[Saved entries]
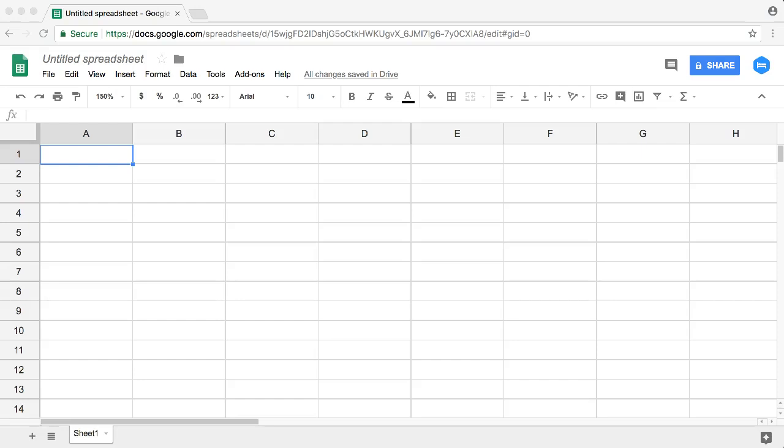If you're very used to Excel, you will notice that Google Spreadsheets is slightly different, but it's minimal and very easy to adjust yourself to.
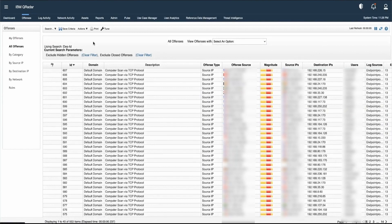So this is how we can perform searches in the offense tab. Thanks for watching the video. Thank you for joining us. If you need more assistance, use the links in the description.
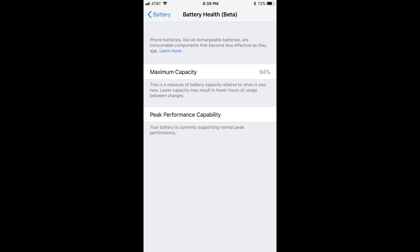Step 4. Check the percentage associated with the maximum capacity for your device's battery. This percentage reflects your battery's current power capacity as compared with when it was new.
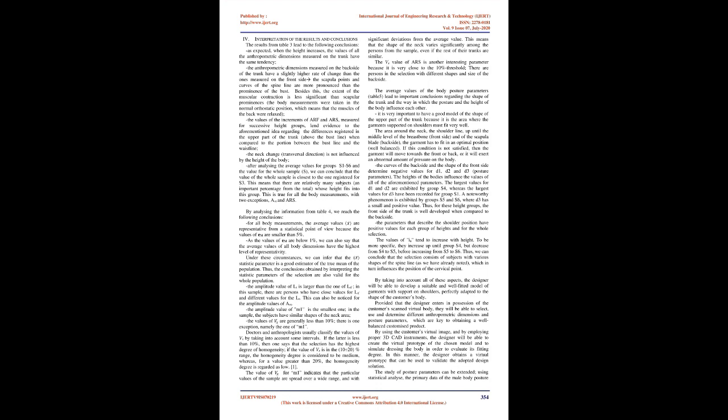After analyzing the average values for groups S1 through S6 and the value for the whole sample S, we can conclude that the value of the whole sample is closest to the one registered for S3. This means there are relatively many subjects, an important percentage from the total, whose height fits into this group. This is true for all body measurements with two exceptions: AVT and ARS. By analyzing the information from Table 4, we reach the following conclusions. For all body measurements, the average values are representative from a statistical point of view because the values of M are smaller than 5%. As the values of M are below 1%, we can also say that the average values of all body dimensions have the highest level of representivity.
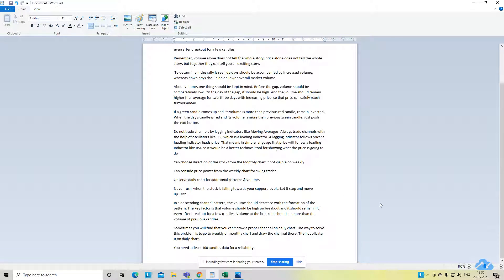A very important point especially for weekend shortlisting: you can choose the direction of the stock from the monthly chart if it is not visible on a weekly chart. In continuation, you can consider the price point from the weekly chart for swing trades, and observe daily charts for patterns and volumes. Never ever rush when the stock is falling towards your support level.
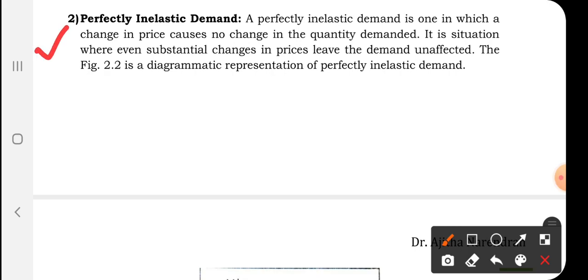The next degree is perfectly inelastic demand, just the opposite of perfectly elastic. In perfectly inelastic demand, there is no change in demand irrespective of change in price. Even if the price increases or decreases, there is no change in the consumer's demand. A change in price causes no change in the quantity demanded — it remains the same whether the price increases or decreases.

AIM OF THE EXERCISE
Your answer must be the lines from the one containing "Step 4. Check" through the last line of the records, copied exactly, with no pictures.

TASK RESULT
Step 4. Check the percentage associated with the maximum capacity for your device's battery. This percentage reflects your battery's current power capacity as compared with when it was new.
After analyzing the average values for groups S1 through S6 and the value for the whole sample S, we can conclude that the value of the whole sample is closest to the one registered for S3. This means there are relatively many subjects, an important percentage from the total, whose height fits into this group. This is true for all body measurements with two exceptions: AVT and ARS. By analyzing the information from Table 4, we reach the following conclusions. For all body measurements, the average values are representative from a statistical point of view because the values of M are smaller than 5%. As the values of M are below 1%, we can also say that the average values of all body dimensions have the highest level of representivity.
A very important point especially for weekend shortlisting: you can choose the direction of the stock from the monthly chart if it is not visible on a weekly chart. In continuation, you can consider the price point from the weekly chart for swing trades, and observe daily charts for patterns and volumes. Never ever rush when the stock is falling towards your support level.
The next degree is perfectly inelastic demand, just the opposite of perfectly elastic. In perfectly inelastic demand, there is no change in demand irrespective of change in price. Even if the price increases or decreases, there is no change in the consumer's demand. A change in price causes no change in the quantity demanded — it remains the same whether the price increases or decreases.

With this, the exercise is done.